A lot will have to go right to continue the best market start in 32 years. After all, the year-to-date gain, which eclipsed 10 percent for the S&P 500 during Friday's rally, is already better than what the index typically sees over an entire year.
Recent years in this bull market, though, have shown that outsized gains are possible. In 2017, the market jumped 19.4 percent, 2013 saw a 29.6 percent surge and 2009, the year that saw the crisis bottom, ended with the up 23.4 percent.
But someone looking to jump into the market now and expecting to make money by the time the calendar rolls over 2020 will need the following stars to align: positive U.S.-China trade talks, continued reluctance by the Federal Reserve to raise interest rates, and the economy and corporate profits to stay out of recession, just to name three.
The market was in a funk during the fourth quarter of 2018 that began with Fed fears and ended with a blowout selling frenzy that resulted in the worst Christmas Eve in Wall Street history.
Difficult as it was to endure, the late-2018 slide and the early 2019 rally may portend good things for investors the rest of the year.
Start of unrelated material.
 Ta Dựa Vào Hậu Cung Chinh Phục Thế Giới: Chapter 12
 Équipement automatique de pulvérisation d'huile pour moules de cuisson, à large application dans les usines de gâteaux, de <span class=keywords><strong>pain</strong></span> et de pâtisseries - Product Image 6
"The quickness by which you've come out of the gate is uncommon. But January's irregularity is just as irregular as what we had in December," said Jim Paulsen, chief investment strategist at the Leuthold Group. "I don't remember another December in my 36 [professional] years that was like that, ever. It was weird and odd and January is equally so, and I think they're not unrelated in some sense."
Some of the factors that Paulsen sees contributing to a constructive outlook include monetary and fiscal stimulus, more reasonable stock valuations and low inflation, particularly at the gas pump.
"I don't think it's going to keep up the pace it's going. I wouldn't be surprised at a healthy pullback that scares people again," he said of the broader market. "But I just think the fundamentals are there, with a better market valuation, much more competitive yields, much more fiscal and monetary support, and a gut-check in sentiment."
The obstacles remain, though.
For one, corporate America could be heading into its first negative earnings quarter since the second quarter of 2016. Multiple expansion, which helped propel most of the bull market run, is likely over, meaning companies are going to have to start growing revenue.
Investors will be hoping that a stronger economy can help make up for earnings weakness.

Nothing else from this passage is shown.